College of Tropical Crops, Hainan University, Haikou 570228, Hainan, China.
Department of Agronomy, Garden Campus, Abdul Wali Khan University Mardan, Khyber Pakhtunkhwa, Pakistan.
Sci Total Environ. 2022 Dec 1;850:158030. doi: 10.1016/j.scitotenv.2022.158030. Epub 2022 Aug 13.
The challenge of meeting the rising food demand and the need for achieving this through environment friendly and socio-economically acceptable strategies has posed an unprecedented pressure on the current intensive farming systems. Evidence for integrating the environmental burden and socio-economic profit is lacking. This study quantifies the yield performance, environmental burden (in terms of seven mid-point environmental impact categories, especially for the global warming potential (GWP) in terms of greenhouse gas emissions), and economic benefits among different intensive farming systems with varying agricultural resource input in maize (Zea mays) production. The results showed that seed yields increased with increasing resource inputs under intensive farming systems. Meanwhile, environmental burden in terms of GWP and integrated environmental impacts (IEI) based on per unit grain yield produced increased substantially with increasing resource inputs. The conventional planting accomplished the worst environmental performance (represented by the highest IEI), which was mainly attributed to higher agricultural resource input (such as fertilizer and diesel fuel consumption) per unit of grain yield produced, and thereby increased GWP, abiotic depletion-elements (Ade), ozone layer depletion (ODP), photochemical oxidation (PO), acidification potential (AP), and eutrophication potential (EP) by 22 %, 30 %, 36 %, 25 %, 32 % and 35 %, respectively. The relatively lower resource input under intensive farming coupled with water-saving technology could be highly recommended to local farmers; while extreme resource input planting patterns were not endorsed because of the yield penalty, low net revenue and high environmental burden. This study highlights the importance of an appropriate use of agricultural resources and innovative water-saving technology for mitigating environmental perils and ensuring global food supplies under intensive farming systems.
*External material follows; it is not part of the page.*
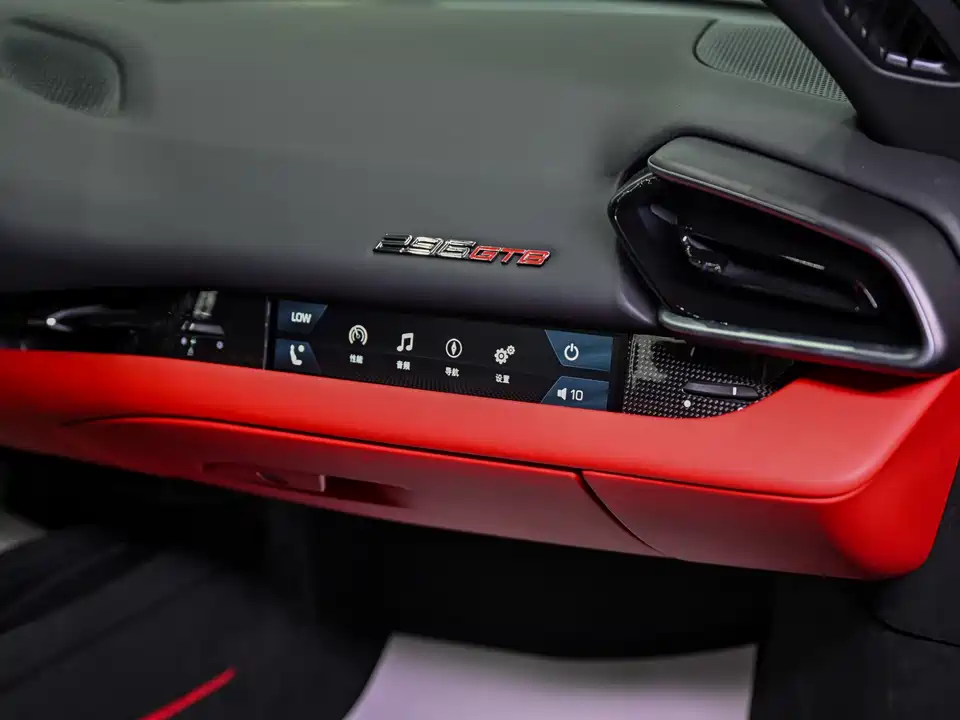 Ferrari 296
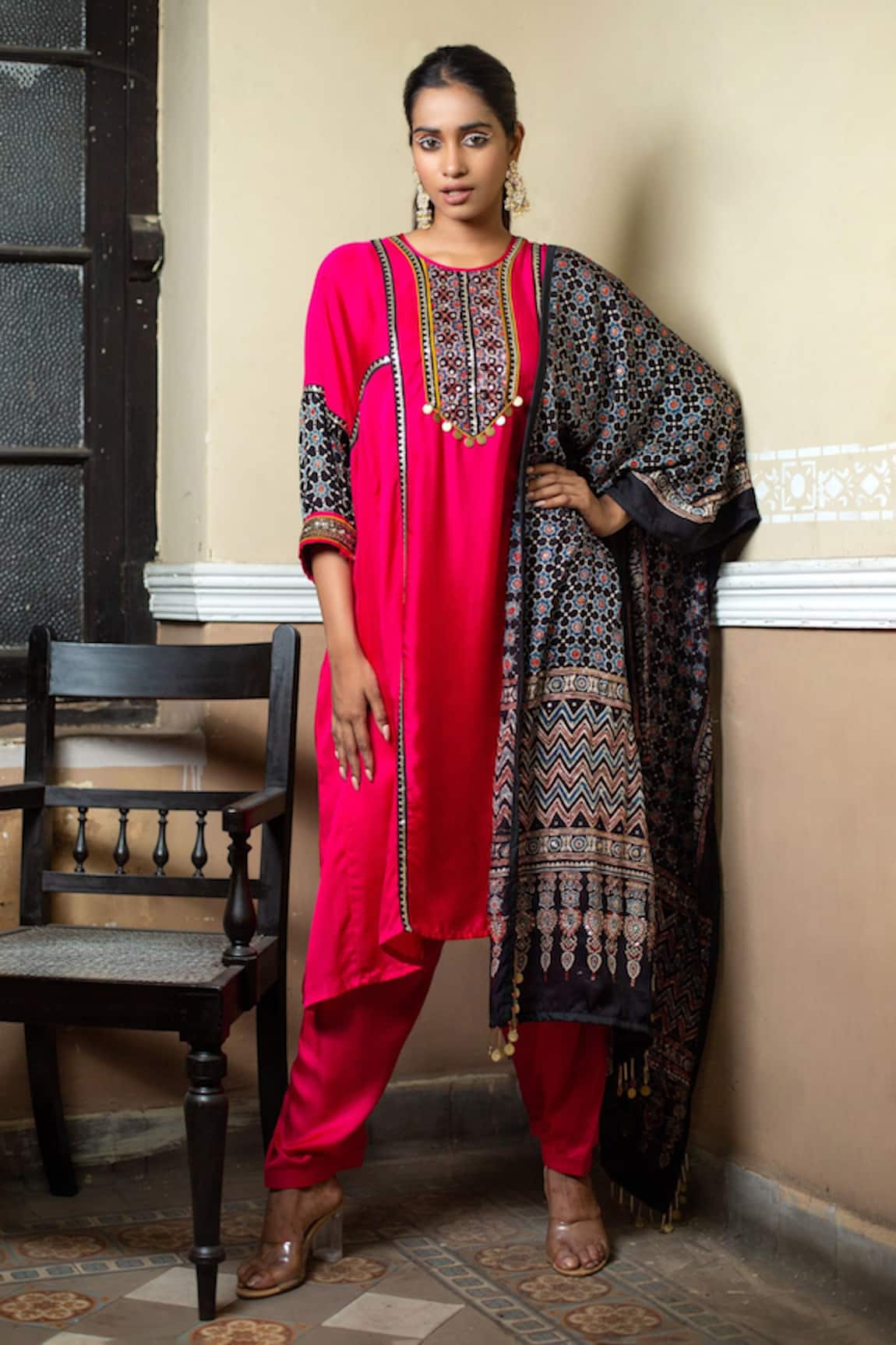 PRAHNAAYA Patchwork Embroidered Kurta Set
满足不断增长的粮食需求并通过环境友好和社会经济可接受的策略实现这一目标的挑战,给当前的集约化农业系统带来了前所未有的压力。缺乏整合环境负担和社会经济效益的证据。本研究量化了不同集约化农业系统在玉米(Zea mays)生产中不同农业资源投入下的产量表现、环境负担(以七种中点环境影响类别为指标,特别是温室气体排放的全球变暖潜势(GWP))和经济效益。结果表明,在集约化农业系统下,随着资源投入的增加,种子产量也随之增加。与此同时,以单位粮食产量为基础的 GWP 和综合环境影响(IEI)的环境负担也随着资源投入的增加而大幅增加。常规种植方式的环境表现最差(以最高的 IEI 为代表),这主要归因于每单位粮食产量的农业资源投入(如化肥和柴油燃料消耗)较高,从而增加了 GWP、非生物消耗元素(Ade)、臭氧消耗潜能(ODP)、光化学氧化潜能(PO)、酸化潜能(AP)和富营养化潜能(EP)分别增加了 22%、30%、36%、25%、32%和 35%。集约化农业中相对较低的资源投入加上节水技术,可以向当地农民大力推荐;而极端的资源投入种植模式则不被认可,因为它们会导致产量下降、净收益降低和环境负担增加。本研究强调了在集约化农业系统下,适当利用农业资源和创新节水技术对于减轻环境危害和确保全球粮食供应的重要性。